Мантра русского сработала, и Джонс разжал руки...
...перчатки отделились от железа с подозрительным хрустом. На плотной шуршащей ткани остались кусочки краски и ржавчины. А Альфред вспомнил, что на улице минус сорок пять градусов по шкале Цельсия.
"Надо же было упустить такую маленькую деталь!" - раздражённо подумал американец.
Пока на борт поднимались остальные пассажиры (Джонс увидел, как один из них - вроде, какая-то пожилая женщина - украдкой перекрестилась, делая шаг на первую ступень трапа), иностранец пытался не паниковать, а сохранять спокойствие. Мысленно он не прекращал себе твердить "Они не отмёрзли, они не отмёрзли..." тщетно пытаясь согреть ладонями онемевшие от холода щёки.
Самое противное - шершавая, царапающая боль от перчаток была, а чувствительность не возвращалась.
Когда стюардессы всё же проводили пассажиров по своим местам, Иван, место которого было рядом с Альфредом, достал из своей ручной клади бутылку водки из "Дьюти Фри". Американец сначала не понял, зачем, пока не увидел как чокнутый русский разрывает плотный целлофан.

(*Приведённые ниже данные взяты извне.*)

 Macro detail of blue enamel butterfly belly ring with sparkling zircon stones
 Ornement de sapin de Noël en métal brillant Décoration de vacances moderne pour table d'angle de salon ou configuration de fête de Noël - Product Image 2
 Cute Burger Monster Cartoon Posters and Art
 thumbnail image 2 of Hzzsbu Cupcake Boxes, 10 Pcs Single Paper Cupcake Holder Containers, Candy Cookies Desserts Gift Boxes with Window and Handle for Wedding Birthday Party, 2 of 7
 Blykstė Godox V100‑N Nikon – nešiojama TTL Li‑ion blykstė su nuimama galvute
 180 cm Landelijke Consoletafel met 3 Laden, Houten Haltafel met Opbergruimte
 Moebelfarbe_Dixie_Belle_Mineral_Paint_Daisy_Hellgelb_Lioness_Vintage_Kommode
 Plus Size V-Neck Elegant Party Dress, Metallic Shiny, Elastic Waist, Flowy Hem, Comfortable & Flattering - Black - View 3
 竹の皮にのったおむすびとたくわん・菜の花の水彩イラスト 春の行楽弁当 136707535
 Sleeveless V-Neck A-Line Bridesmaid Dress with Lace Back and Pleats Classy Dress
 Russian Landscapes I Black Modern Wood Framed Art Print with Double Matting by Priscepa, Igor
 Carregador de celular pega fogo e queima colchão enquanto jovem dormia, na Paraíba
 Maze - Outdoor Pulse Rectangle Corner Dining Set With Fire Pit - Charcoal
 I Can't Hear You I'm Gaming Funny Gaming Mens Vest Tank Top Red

- Будешь? - осведомился Брагинский. И тут же пояснил: - Так и теплее будет, и легче, поверь.
Джонс, стуча зубами (какого чёрта на борту так холодно?), отказался, поблагодарив, и уткнулся носом в ворот своей куртки.
"Коламбия" врёт. Американцу в термобелье, свитере, штанах и куртке этой фирмы было адски холодно. Ноги и ягодицы вообще начинали неметь, как не закрытое ничем лицо.
Он старался не смотреть по сторонам - тут и там было видно, что панели внутренней обшивки отваливались, кресла жёсткие, тишина едва ли не гробовая, несмотря на то, что самолёт был полон людей - и попытался достать свой плеер с сенсорным экраном.
...Который даже включаться не хотел.
Русский рядом, уже принявший энную долю алкоголя, сидел в наушниках и с книгой в руках. Казалось, для него подобный кошмар - дело привычное, и Иван выглядел даже... довольным, что ли.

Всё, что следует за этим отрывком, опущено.